先月も、この文士村を訪れましたが、今回は、JR大森駅を下車、池上通りを北上し、少し西方向に入った所にある和辻哲郎(1889年ー1960年)邸跡に行きました。「古寺巡礼」や「風土」、「ニーチェ研究」などで知られる哲学者・倫理学者・文化史家です。和辻は兵庫県出身ですが、東京帝国大学で哲学を学んだ後、明治45年(1912年)に結婚し、新居を山王に定めました。

「20坪の新築の貸家で、同じようなのが3軒並んでいる真中の家だった。家賃は21円だった。低い天井からは屋根の焼けがつたわって、昼は勿論、夜もほとぼりで部屋の中は蒸し風呂のようだった」

夫人の照さんは、著書「和辻哲郎とともに」で、こう書いています。現在は、住宅街ですが、当時は、畑や林が多く、和辻哲郎は執筆に疲れると、夫人と一帯を散策し、「ローレライ」などを口ずさんだといいます。この時期は、ドイツの哲学者ニーチェの著作を読み込み、初の著作となる「ニーチェの研究」を執筆しました。

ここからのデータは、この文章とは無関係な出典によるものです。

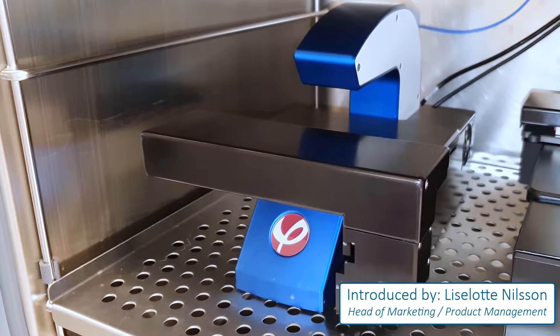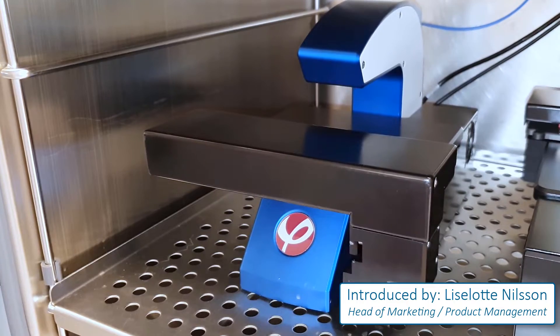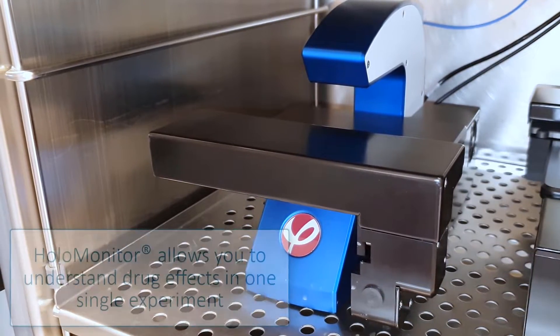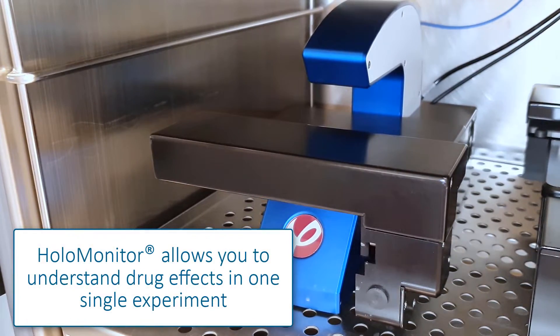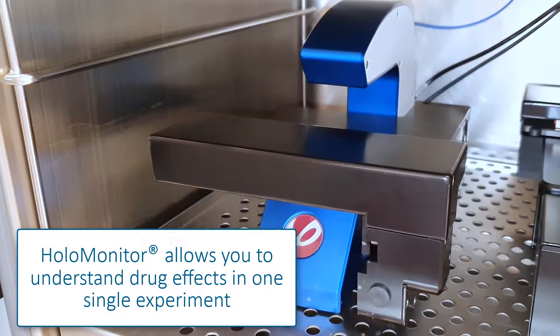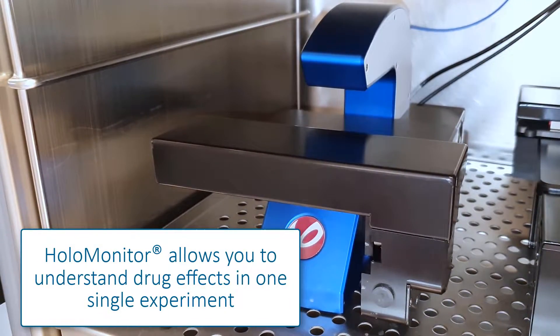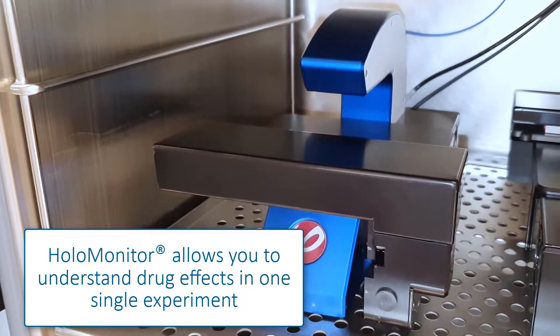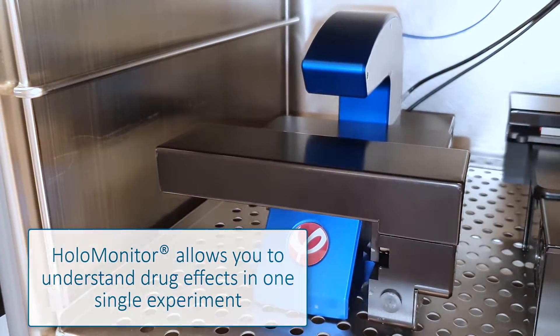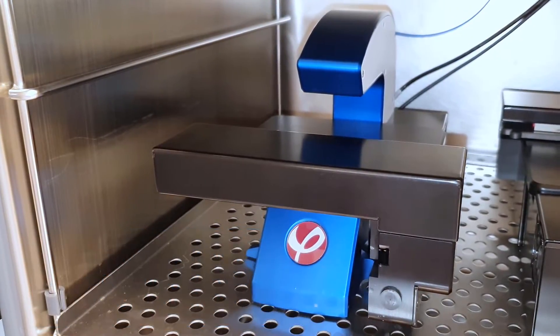When using Holomonitor for live cell imaging, you will, in only one single experiment, understand the drug effects on your living cells. Here you will learn how.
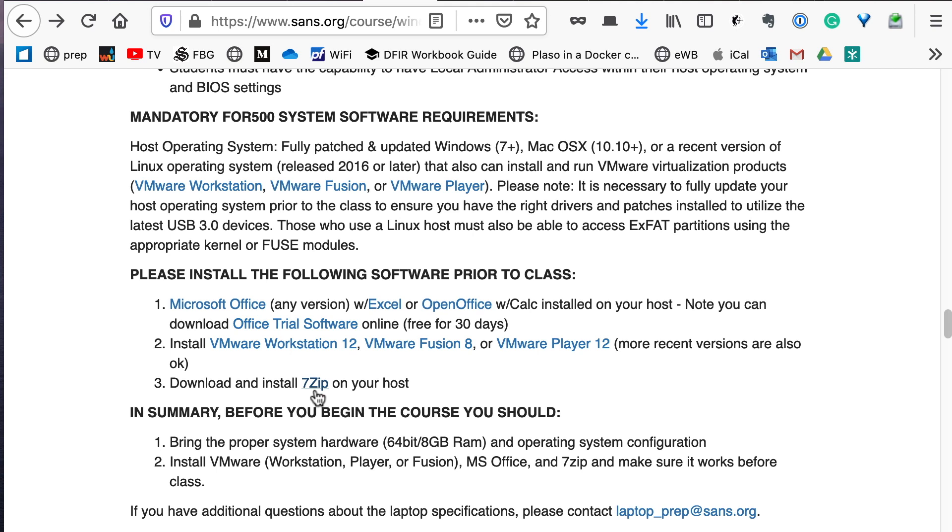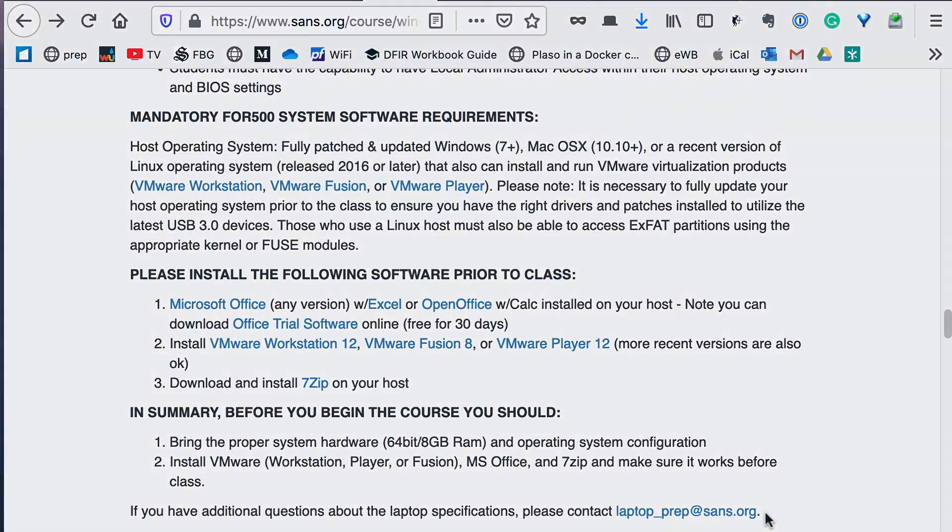You will also need the ability to disable your antivirus software and firewall. If you're using a corporate VPN, you will need the ability to disable it also. Please refer to this page and make sure that you meet the minimum requirements for your system for class. If you have any questions, you can email laptopprep@sans.org and they will answer your questions.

ここには大正4年(1915年)まで住み、夏目漱石や谷崎潤一郎、小山内薫、芥川龍之介らと交流しました。

私は、和辻哲郎が奈良の寺院を巡って書いた「古寺巡礼」を読んだことはありますが、内容はよく覚えていません。「ニーチェの研究」「風土」とともに読み、日本と西洋の哲学を融合したといわれる和辻哲学を学びたいと思います。和辻哲郎が住んだ場所を体感したことで、きっと、本の内容も身近に感じることができると思います。

作家や詩人らの住んだ場所を訪れ、その著作を読む。馬込文士村をまた、訪れるのが楽しみになります。